Preliminary evidence suggests statins may reduce major perioperative vascular events. However, evidence is limited to observational studies, underpowered trials, and non-comprehensive systematic reviews. This review aims to assess the effects of perioperative statin use on cardiovascular complications in patients submitted to non-cardiac surgery.
We will search MEDLINE/PubMed, EMBASE, LILACS, CENTRAL, Web of Science, and CINAHL for randomized controlled trials assessing the effects of perioperative statin use in adults undergoing non-cardiac surgery and reporting cardiovascular complications.
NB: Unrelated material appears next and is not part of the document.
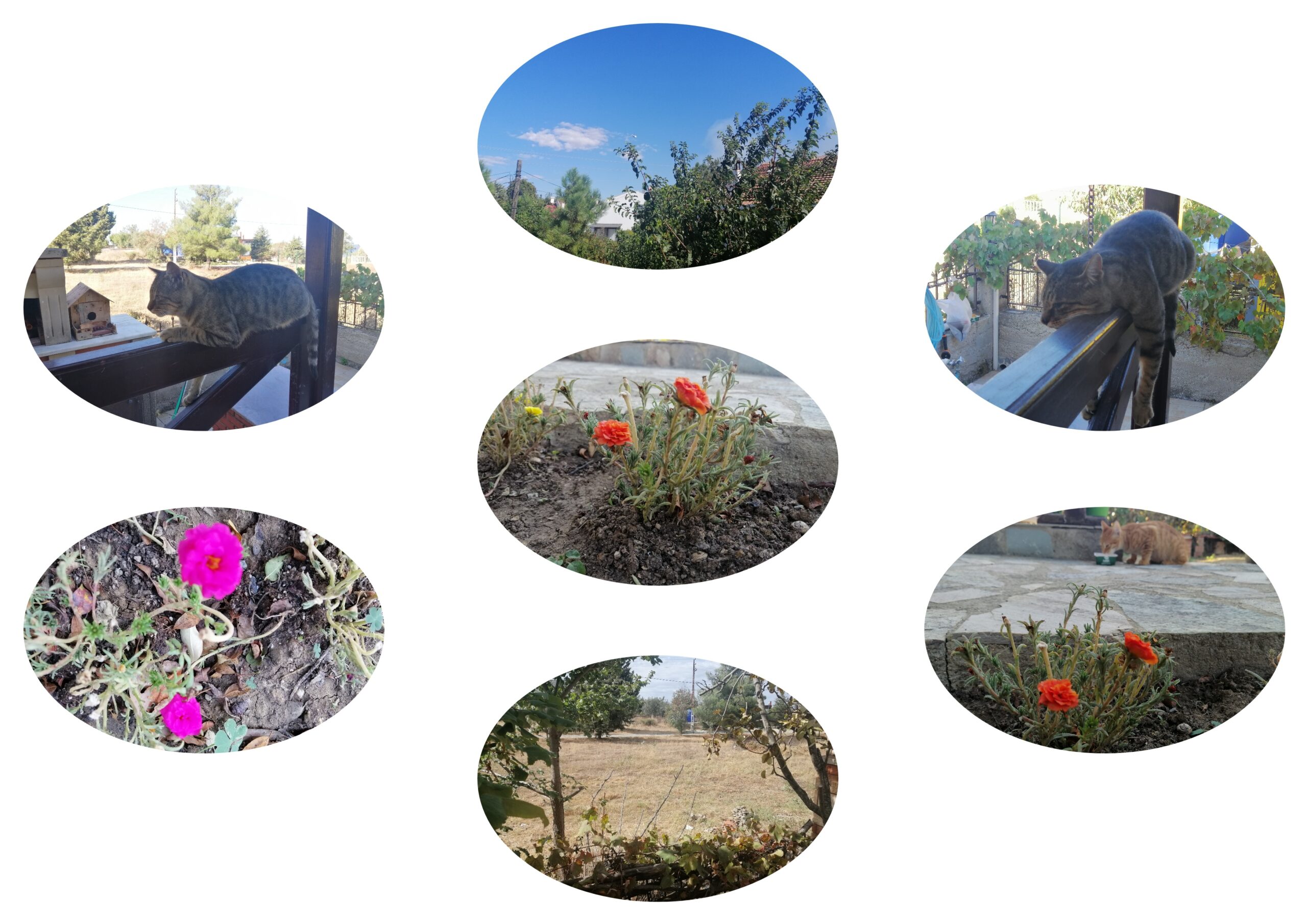 HAFTA 39: 22.09.2025~28.09.2025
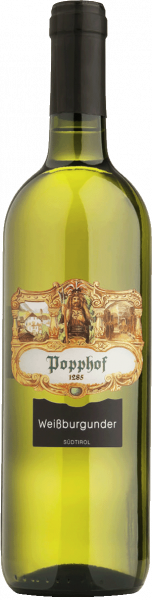 Weissburgunder 2023 - 0.75l - Weingut Popphof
For patients already using statins for hyperlipidemia, a preoperative loading dose of statin is required in the experimental group. We will place no language or publication restriction on our search. Teams of two reviewers will independently assess eligibility and risk of bias, and will extract data from the included trials. Our primary outcome is a combination of cardiovascular mortality or non-fatal myocardial infarction. We will also assess the following outcomes: individual components of the primary outcome, all-cause mortality, total myocardial infarction, elevated troponin in the first seven postoperative days, total stroke, total venous thromboembolism, postoperative atrial fibrillation, elevation of creatine phosphokinase or liver enzymes, and rates of myalgia or rhabdomyolysis. We will conduct meta-analyses using random-effects model and will use trial sequential analysis to establish monitoring boundaries to limit global type I error due to repetitive testing for our primary outcome. We will rate the quality of evidence using the GRADE system.
The results of this systematic review may help to inform clinical practice and also the design of future large-scale randomized trials.
PROSPERO CRD42016035987.
初步证据表明他汀类药物可能减少主要围手术期血管事件。然而,证据仅限于观察性研究、效力不足的试验和非全面的系统评价。本综述旨在评估围手术期他汀类药物使用对非心脏手术患者心血管并发症的影响。
我们将检索 MEDLINE/PubMed、EMBASE、LILACS、CENTRAL、Web of Science 和 CINAHL,以评估评估围手术期他汀类药物使用对接受非心脏手术并报告心血管并发症的成年人的影响的随机对照试验。对于已经因高脂血症使用他汀类药物的患者,实验组需要术前给予他汀类药物负荷剂量。我们对搜索不设语言或出版限制。两名评审员团队将独立评估资格和偏倚风险,并从纳入的试验中提取数据。我们的主要结局是心血管死亡率或非致死性心肌梗死的组合。我们还将评估以下结局:主要结局的各个组成部分、全因死亡率、总心肌梗死、术后 7 天内肌钙蛋白升高、总卒中、总静脉血栓栓塞、术后心房颤动、肌酸磷酸激酶或肝酶升高以及肌痛或横纹肌溶解的发生率。我们将使用随机效应模型进行荟萃分析,并使用试验序贯分析来建立监测边界,以限制由于对我们的主要结局进行重复测试而导致的总体 I 类错误。我们将使用 GRADE 系统评估证据质量。
本系统评价的结果可能有助于为临床实践提供信息,也有助于未来大规模随机试验的设计。
PROSPERO CRD42016035987。